RUU Ketahanan Keluarga ini diusulkan oleh empat anggota Dewan dari tiga fraksi, yaitu Sodik Mudjahid dari Fraksi Gerindra, Ali Taher dari Fraksi PAN, serta Ledia Hanifa dan Netty Prasetyani dari Fraksi PKS.
Anggota Baleg DPR dari Fraksi Golkar, Nurul Arifin memandang RUU Ketahanan Keluarga berpotensi memecah belah bangsa ketimbang menjadi pemersatu bangsa. Sebab, terdapat pasal-pasal yang terlalu mencampuri urusan keluarga.
"Di dalam RUU Ketahanan Keluarga ini, kita juga menjadi suatu bangsa yang kayaknya rese, begitu. Seperti di Bab 9 ada peran serta masyarakat. Ini kayanya kok kita mengurusi rumah tangga orang lain, padahal rumah tangga itu mempunyai entitasnya sendiri," kata Nurul di gedung DPR, Kamis, 12 November.
BACA JUGA:
Nurul mengaku dirinya setuju jika RUU ini memperkuat peran Badan Kependudukan dan Keluarga Berencana Nasional (BKKBN). Namun, ia tak setuju jika masyarakat diberi peran untuk mencampuri urusan rumah tangga orang lain.
"Sebetulnya mau memperkuat BKKBN, saya setuju. Memang program lama-lama itu harus terus dilanjutkan lagi. tapi buat saya ada kejanggalan, mau masuk ke dalam struktur samapi dengan tingkat terkecil di wilayah kabupaten/kota. Bahkan, dalam peran terkecil peran masyarakat untuk ngurusin rumah tangga orang lain," jelas dia.
Seperti diketahui, ada 146 pasal dalam RUU Ketahanan Keluarga. RUU Ketahanan Keluarga menjadi kontroversi karena dinilai terlalu menyentuh ranah pribadi.

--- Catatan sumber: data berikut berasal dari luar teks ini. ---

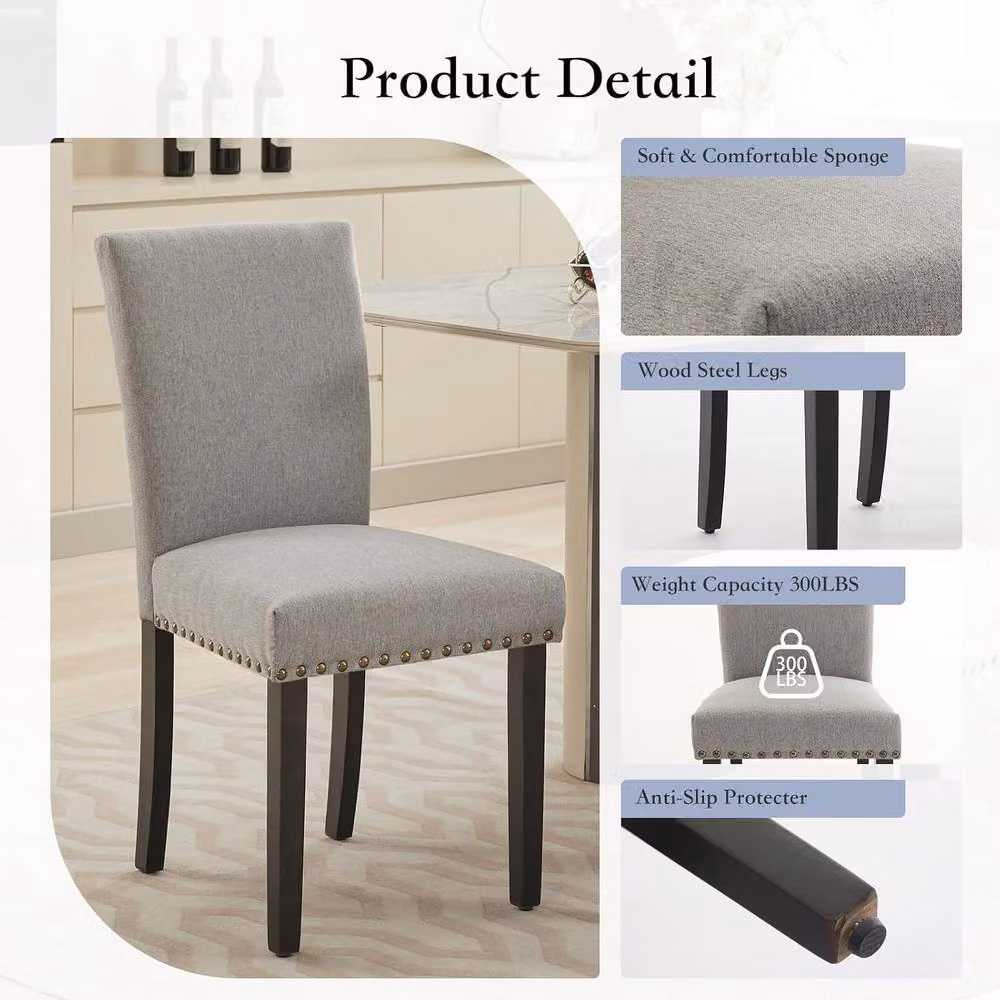 London Boutique Set of 2 Grey Upholstered Armless Dining Chairs with Rubberwood Legs – 3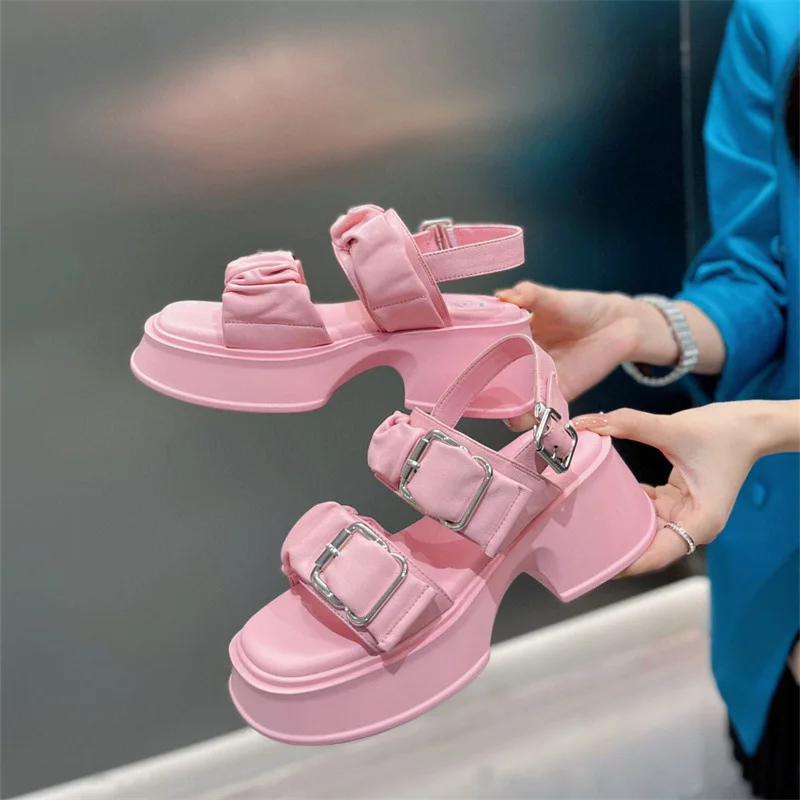 

2023 Summer Fashion Design Women Shoes Thick High Heel Open Toe Strappy Sandals Buckle Strap Sweet Pumps Shallow Zapatos Mujer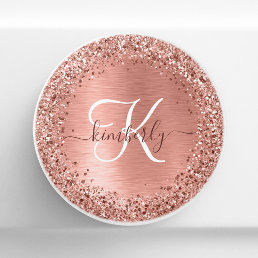 Rose Gold Brushed Metal Glitter Monogram Name Ceramic Knob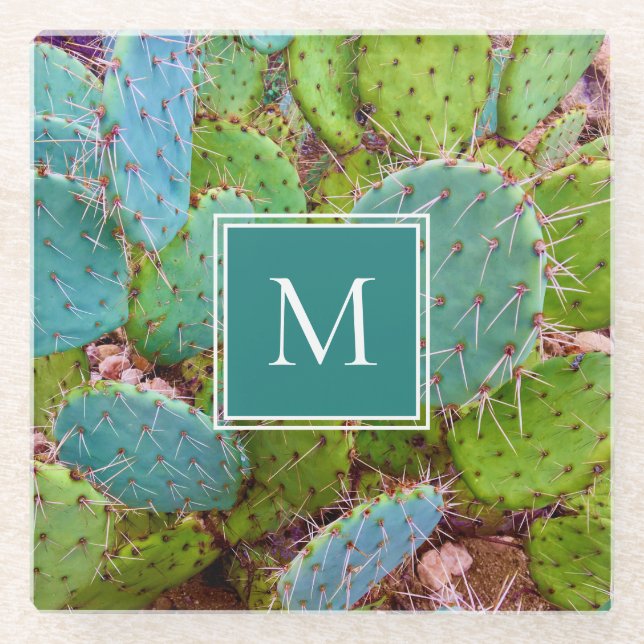Posavasos De Vidrio Monograma del cactus botánico del desierto (Anverso)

Beberapa pasal yang menjadi sorotan publik antara lain mengatur soal kewajiban istri, melarang donor sperma dan ovum, melarang sewa rahim atau surogasi, hingga wajib melaporan tentang adanya penyimpangan seksual seperti LGBT dan penyimpangan aktivitas seksual seperti BDSM di dalam keluarga.